== TASK INSTRUCTIONS ==
The answer must be the lines from the one that holds "Drone E88 Max With Dual Cameras" through the final line of the data, copied exactly, with no pictures.

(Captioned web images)
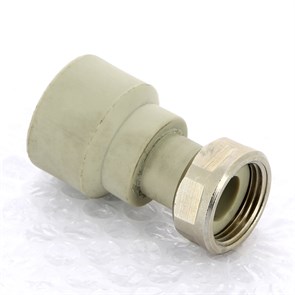 Муфта сварка-В 25х3/4' с накидной гайкой пломбируемая 862999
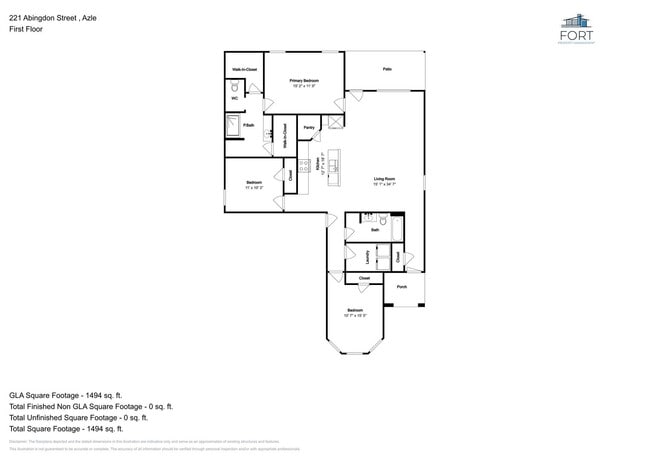 221 Abingdon St in Azle, TX - Building Photo - Building Photo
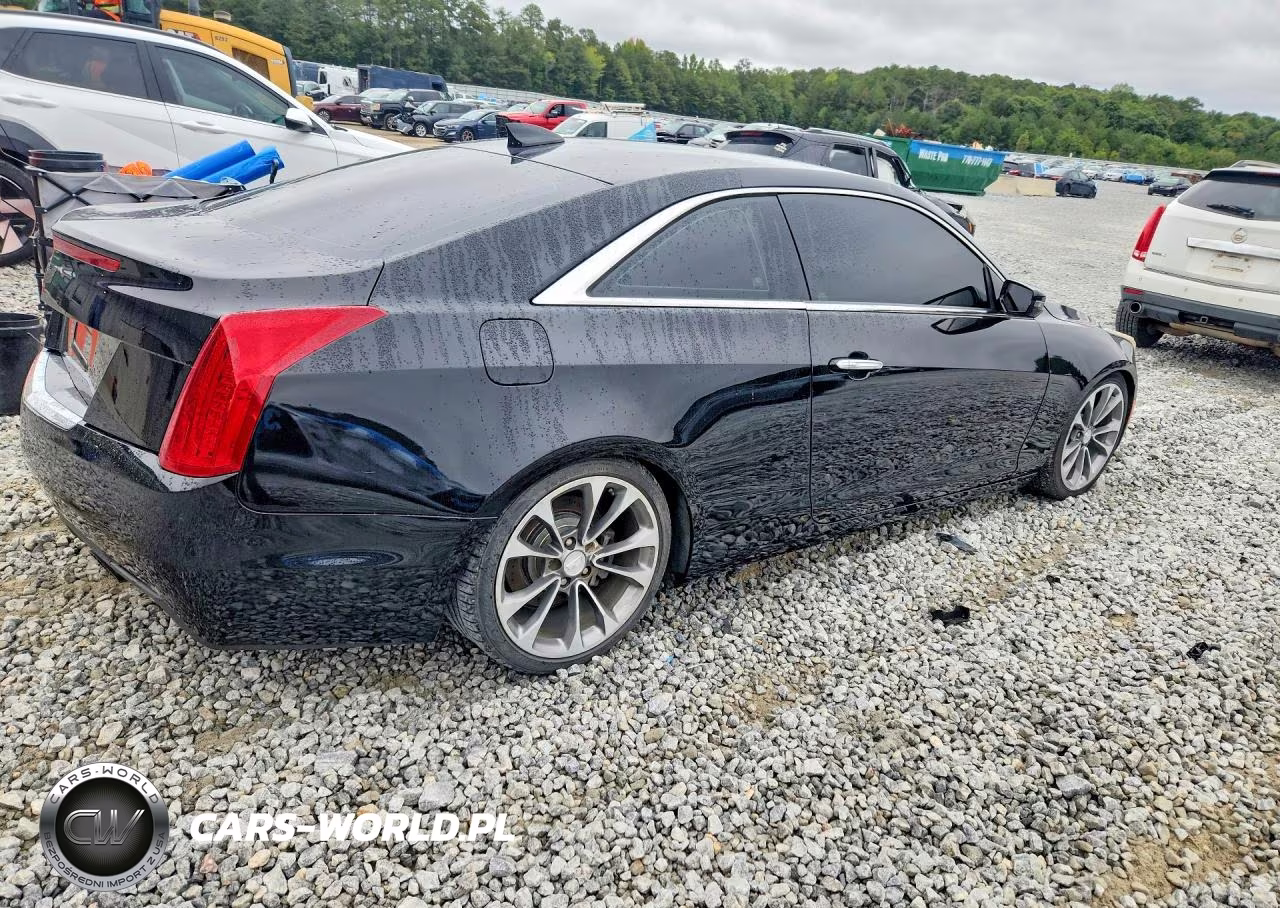2015 Cadillac Ats Performance VIN:1G6AC1RX2F0102333 - 3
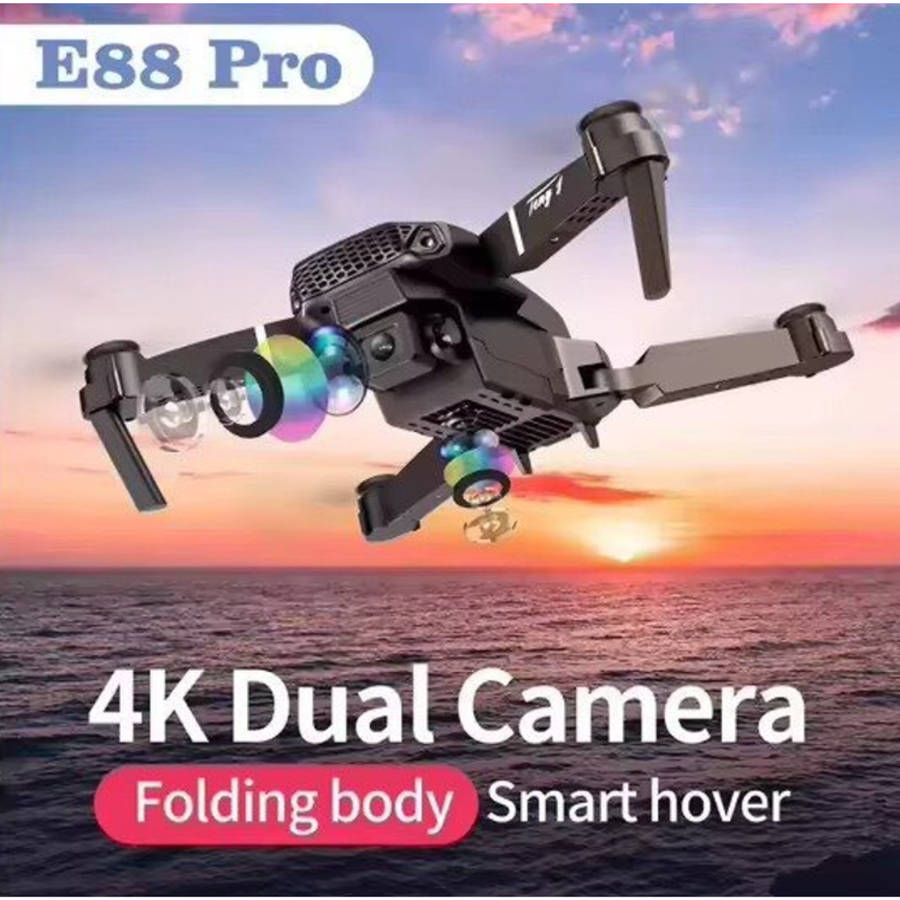Drone E88 Max With Dual Cameras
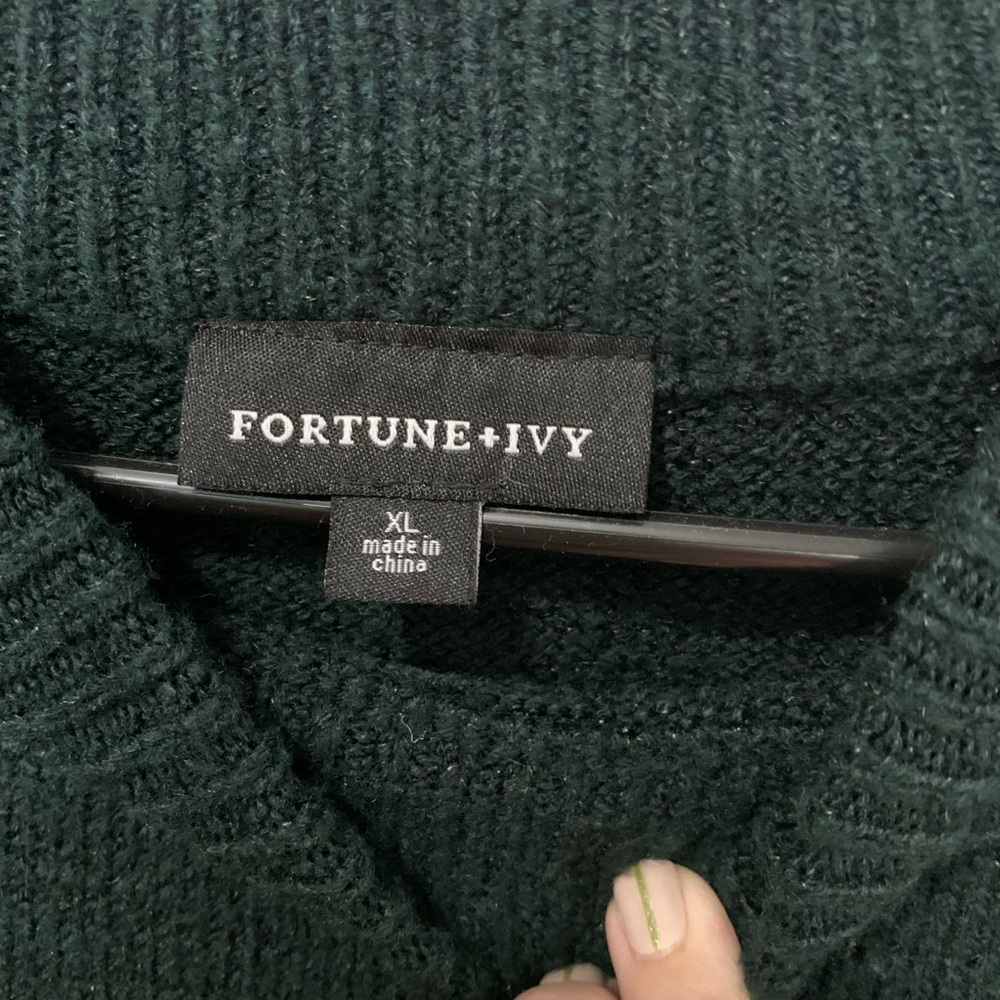 Colorblock Women's Sweater - Picture 2 of 2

== RESULT ==
Drone E88 Max With Dual Cameras
 Colorblock Women's Sweater - Picture 2 of 2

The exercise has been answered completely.